Modern .308 Win Palma Rifle with Custom Anschutz-style Stock
Here a Palma competitor showcases his modern .308 Win Palma rifle built with an custom-made, Anschutz 1913 model-style stock with the main frame crafted by the host’s father. This rig has a 30″ barrel chambered for 155gr bullets. The video explains how the components were chosen, why the barrel is so long, and how the stock adjusts in numerous ways to fit the shooter’s particular prone style. Below is a diagram of the sight picture. This is covered at 1:56 in the video.

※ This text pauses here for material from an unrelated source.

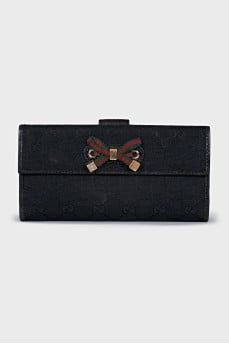 Fabric wallet with a branded monogram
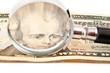 dollars and magnifying glass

Palma Rifles Shooting 1000 Yards at Bisley in the UK
This UK-produced video features Palma matches at the Stickledown Range at Bisley. This video showcases the Inter-Counties match, where competitors use iron-sighted Palma rifles on targets at 1000 yards. This video provides a good introduction to the Palma discipline as practiced in Great Britain.
Canadian Palma Fun — Nova Scotia Shooters at 900 Yards
In this video, filmed at a beautiful range in Nova Scotia, two Canadian shooters compete at 900 yards with their iron sighted .308 Win Palma rifles. The video combines three different views into one frame, so you can simultaneously see downrange, see the shooters, and see the shot impact on the electronic target display. The shooters fired .308 Win cartridges loaded with Vihtavuori N140 powder and 155gr Sierra #2156 PALMA bullets.
Ballistics Guru Shoots Palma at 800 Yards
The talented Bryan Litz, head honcho of Applied Ballistics LLC, demonstrates his shooting skills in this video. Watch Byran complete the 800-yard phase of the Palma course shot at Camp Atterbury, Indiana in the summer of 2008.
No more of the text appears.